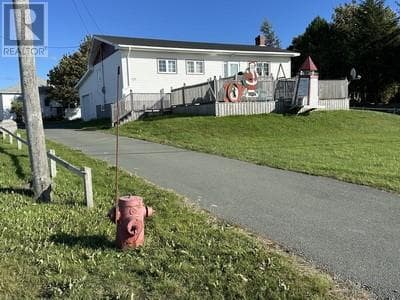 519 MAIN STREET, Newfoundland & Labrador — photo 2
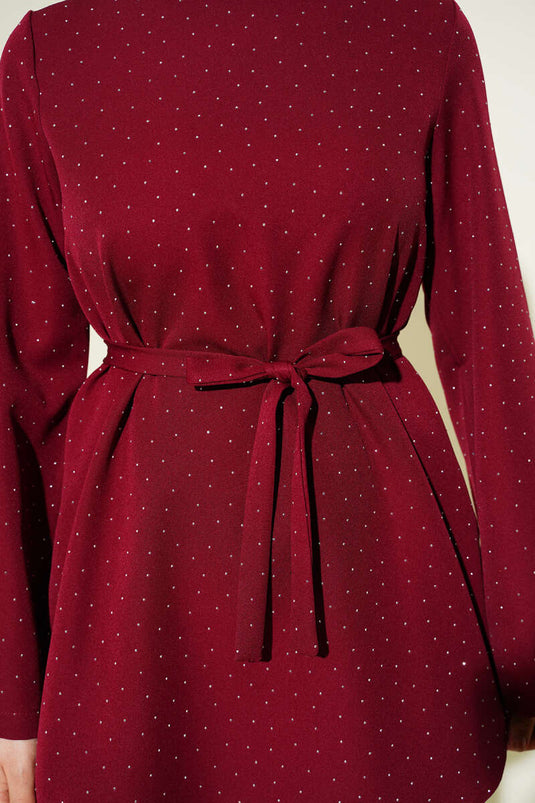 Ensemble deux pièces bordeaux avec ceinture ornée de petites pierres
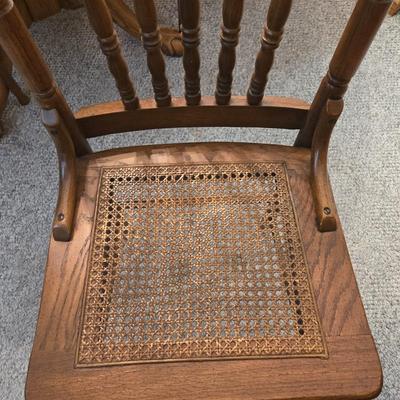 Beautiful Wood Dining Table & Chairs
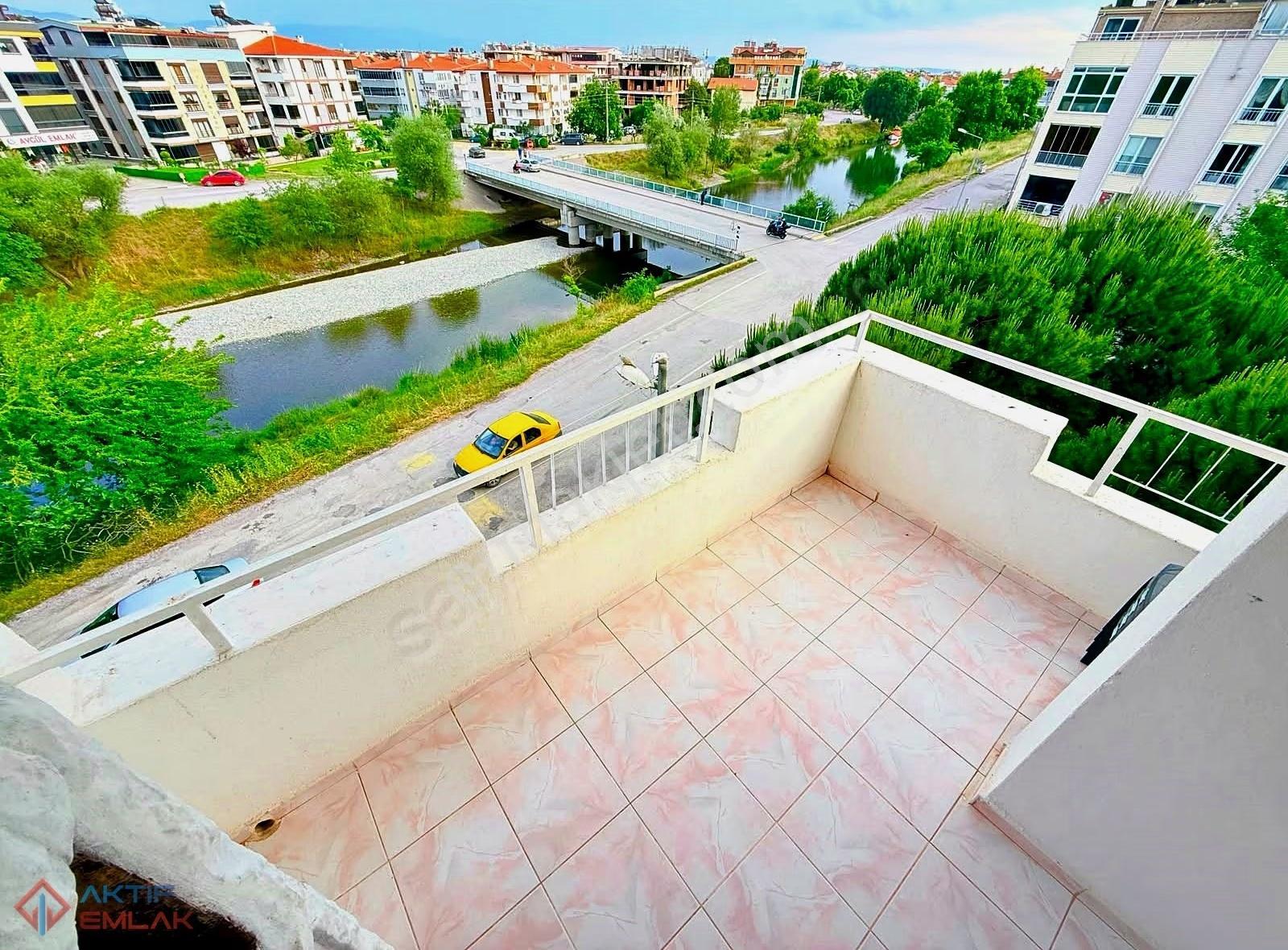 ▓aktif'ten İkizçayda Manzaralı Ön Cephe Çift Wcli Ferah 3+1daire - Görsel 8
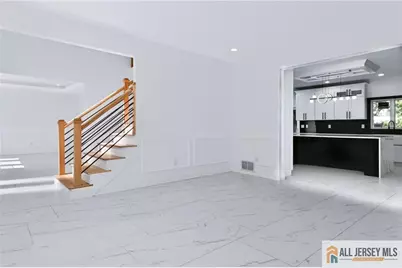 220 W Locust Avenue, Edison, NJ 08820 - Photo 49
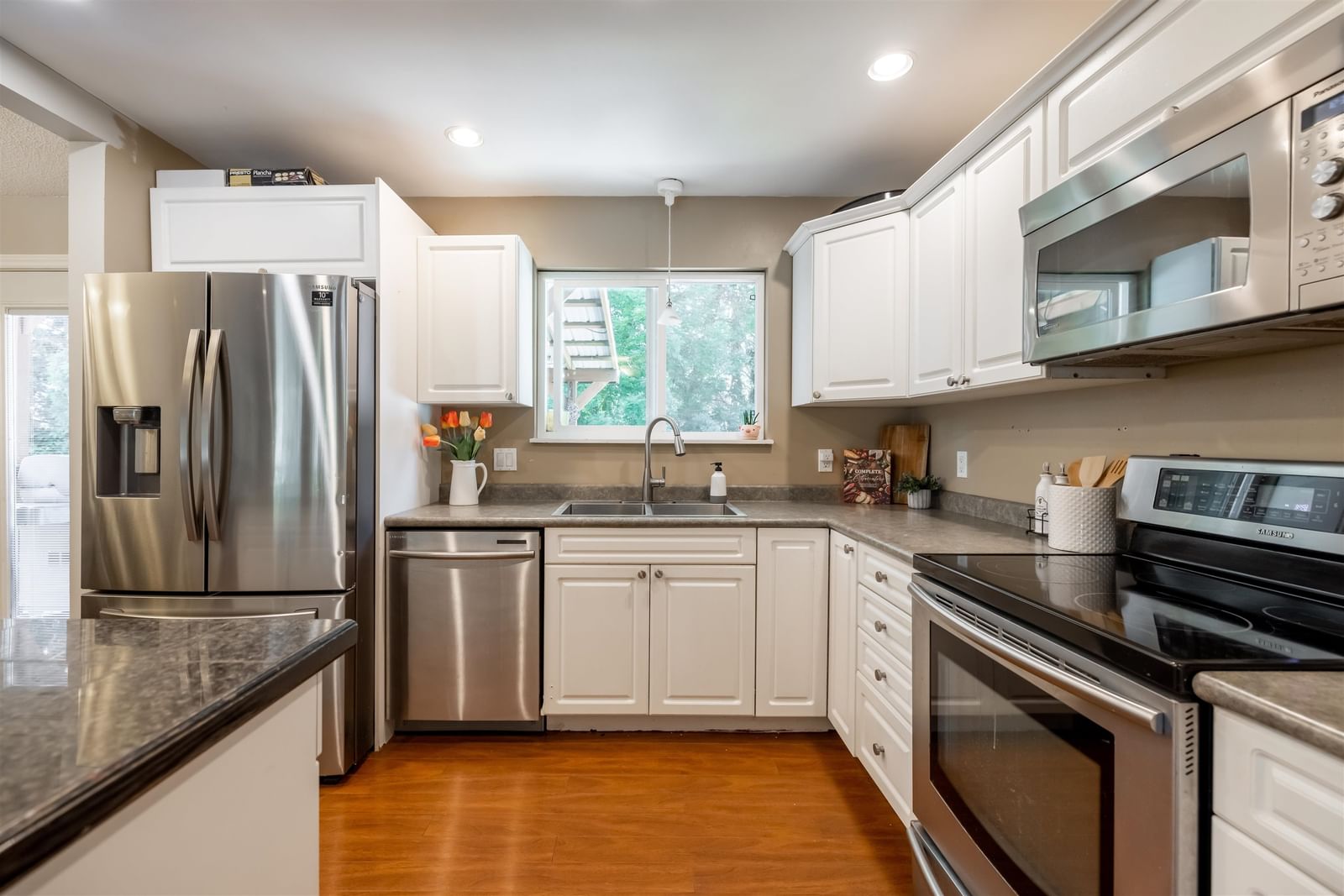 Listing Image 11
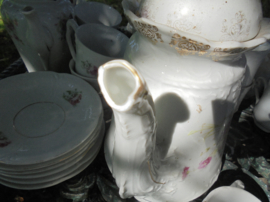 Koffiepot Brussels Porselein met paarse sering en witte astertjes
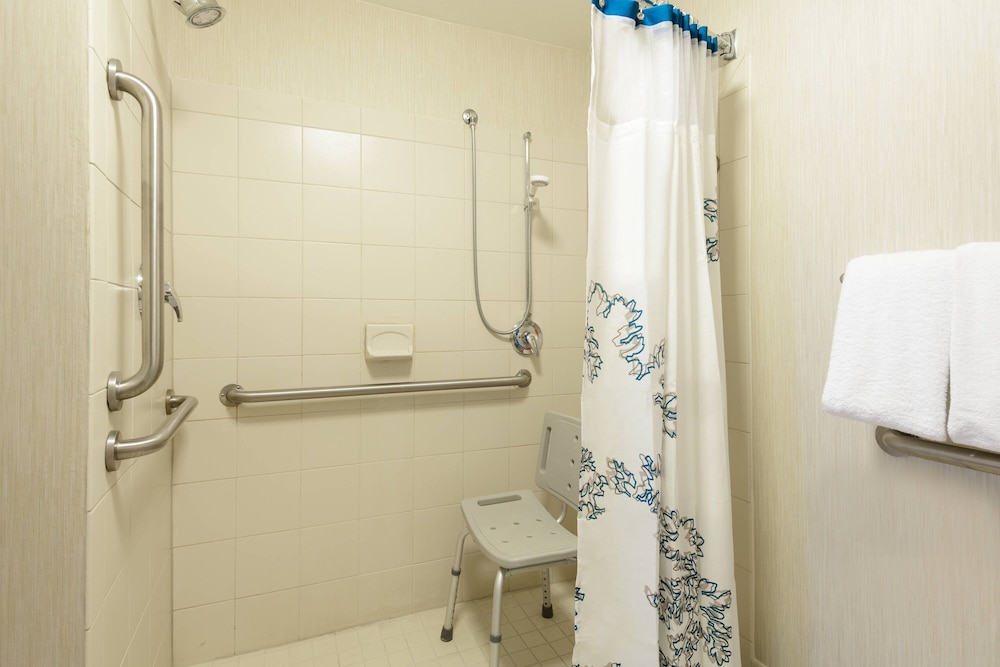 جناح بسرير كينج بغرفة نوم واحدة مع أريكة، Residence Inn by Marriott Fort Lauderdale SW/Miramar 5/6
※ ※ ※
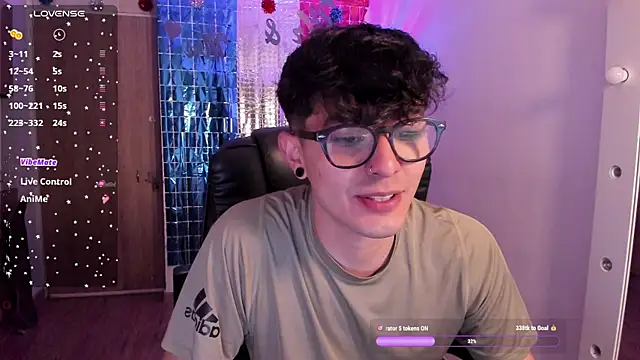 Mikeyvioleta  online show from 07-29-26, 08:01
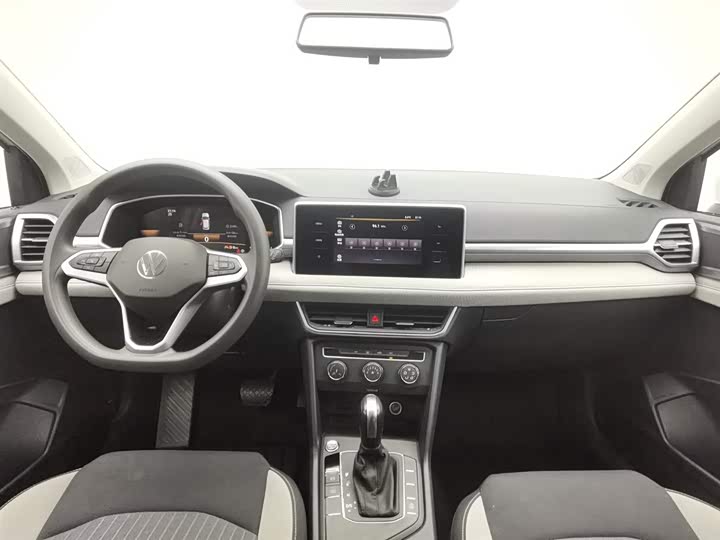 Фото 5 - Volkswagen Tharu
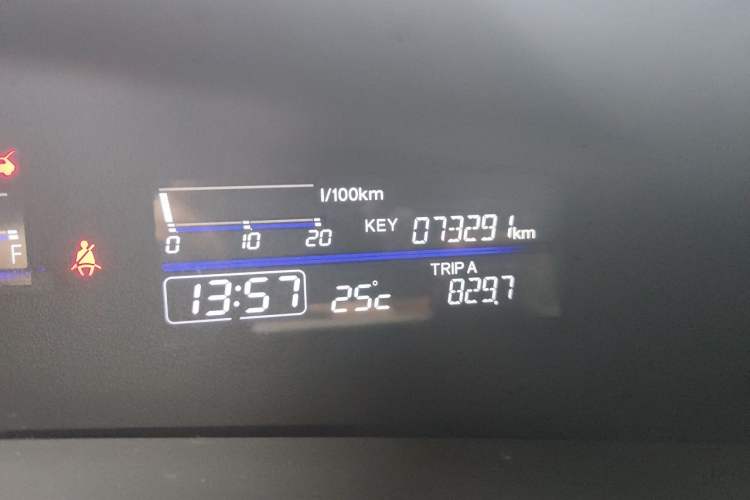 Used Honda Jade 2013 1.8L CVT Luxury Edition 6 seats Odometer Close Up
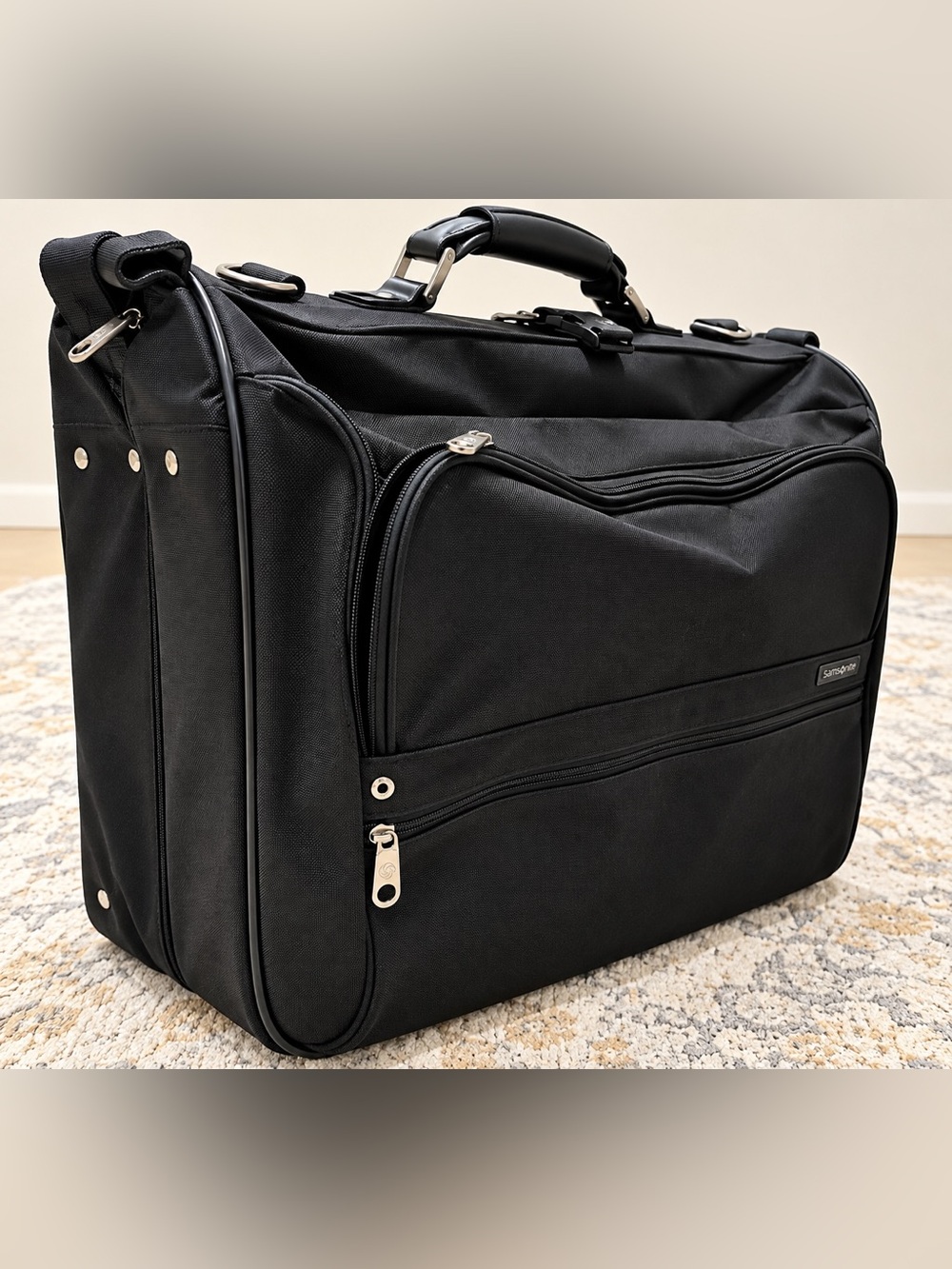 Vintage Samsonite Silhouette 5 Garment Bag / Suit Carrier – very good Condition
※ ※ ※
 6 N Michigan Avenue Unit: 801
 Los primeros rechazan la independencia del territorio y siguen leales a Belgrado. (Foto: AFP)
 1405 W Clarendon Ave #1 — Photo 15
※ ※ ※
*PROBLEM REQUIREMENTS*
For this exercise, transcribe exactly the part of the records above that opens with the line containing "Фото 5 - Volkswagen Tharu" and closes with the one containing "Vintage Samsonite Silhouette". Pictures are not part of the copy.

*TASK RESULT*
 Фото 5 - Volkswagen Tharu
 Used Honda Jade 2013 1.8L CVT Luxury Edition 6 seats Odometer Close Up
 Vintage Samsonite Silhouette 5 Garment Bag / Suit Carrier – very good Condition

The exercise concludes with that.